Un hijo cualquiera _está hecho con textos de distinto tamaño, tono y alcance. ¿Pensabas en un libro a medida que los escribías?
Nunca lo hago. No tengo mentalidad de libro a la hora de escribir, sino mentalidad de cuento. En general, empiezo a trabajar en un texto que no sé si será muy largo, muy corto, o no será nada; solo concentrado en ese texto aislado. En este libro hay varios escritos por encargo, algunos en inglés que luego traduje. El hijo es el disparador y también el hilo del conjunto. A veces incluso escribí relatos con él en casa, así que, de todas las maneras posibles, él estaba en el libro.
Entonces tampoco tenés en la cabeza libros que quieras escribir a futuro, una carpeta mental con dos o tres proyectos que serán los siguientes.
¡Ojalá! No, el libro se me impone luego de estar trabajándolo mucho tiempo sin saber que será un libro. De pronto veo que hay pequeños relatos que van juntos. Me sucedió con Canción (2021) y también con Duelo (2017). Ahora estoy en medio de otro proyecto que no sé qué va a ser, pero si das un paso para atrás y miras de más lejos, todos mis libros van formando uno solo. Sin proponérmelo, son como capítulos de una obra total. Muchos de ellos, luego en traducción, se publican juntos. Ese otro narrador, ese otro Eduardo Halfon, va arrastrando sus mismos temas y sus mismos miedos de un libro a otro.
En la medida en que escribís episodios de tu vida, ¿no te da temor quedarte sin tema, haber usado ya todas las experiencias de tu pasado?
Lo pienso, pero siempre aparece otra cosa. Además, por más que mis libros parezcan autobiografías, son ficción. Toda literatura es ficción. Empiezo con un dato muy íntimo, muy autobiográfico, pero luego me voy hacia la ficción. Las anécdotas son trampolines fáciles de encontrar, porque no necesitas que en ese disparador esté contenido todo el texto. Si no fuera así, tendría que escribir ciencia ficción o policiales: algo que sea más sencillo de vender o de explicar.
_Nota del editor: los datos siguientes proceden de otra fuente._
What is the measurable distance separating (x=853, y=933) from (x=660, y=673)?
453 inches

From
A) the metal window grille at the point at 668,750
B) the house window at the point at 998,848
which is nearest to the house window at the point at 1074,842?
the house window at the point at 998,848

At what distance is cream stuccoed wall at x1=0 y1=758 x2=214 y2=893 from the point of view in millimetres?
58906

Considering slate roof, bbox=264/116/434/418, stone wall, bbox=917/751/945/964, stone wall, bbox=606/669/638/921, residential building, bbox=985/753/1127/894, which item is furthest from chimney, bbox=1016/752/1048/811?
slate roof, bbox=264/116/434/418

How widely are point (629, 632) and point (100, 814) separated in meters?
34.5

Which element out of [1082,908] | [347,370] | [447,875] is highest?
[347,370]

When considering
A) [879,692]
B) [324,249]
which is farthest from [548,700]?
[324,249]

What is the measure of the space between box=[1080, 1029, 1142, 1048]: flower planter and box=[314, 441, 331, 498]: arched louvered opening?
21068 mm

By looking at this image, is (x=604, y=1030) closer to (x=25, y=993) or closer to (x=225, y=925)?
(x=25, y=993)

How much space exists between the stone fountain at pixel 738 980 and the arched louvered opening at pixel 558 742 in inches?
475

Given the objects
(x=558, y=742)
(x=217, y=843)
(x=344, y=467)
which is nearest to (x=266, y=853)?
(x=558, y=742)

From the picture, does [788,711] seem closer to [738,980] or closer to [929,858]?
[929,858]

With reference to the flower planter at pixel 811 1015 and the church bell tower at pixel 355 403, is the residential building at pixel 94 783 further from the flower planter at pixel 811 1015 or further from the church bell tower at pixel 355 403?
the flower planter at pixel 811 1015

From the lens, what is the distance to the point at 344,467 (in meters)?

Lo que hacés, efectivamente, es un híbrido, que es algo que hoy se hace bastante en la literatura en lengua castellana: una mezcla de ensayo, narración, autobiografía y testimonio.
Tal vez crónica sea la palabra que usamos los latinoamericanos para ese híbrido. Es lo que Juan Villoro llama “el ornitorrinco de la literatura”. En nuestros países aceptamos muy fácilmente este híbrido. En Estados Unidos o en Alemania les cuesta, es todo más esquemático, quieren saber si es cuento o novela. Necesitan saberlo. En Francia ni siquiera es un tema: lo leen como literatura y punto.
Además de la paternidad, otro hilo de este libro son los viajes, los lugares: Iowa, París, Bruselas. ¿A qué se debe esta inclinación geográfica?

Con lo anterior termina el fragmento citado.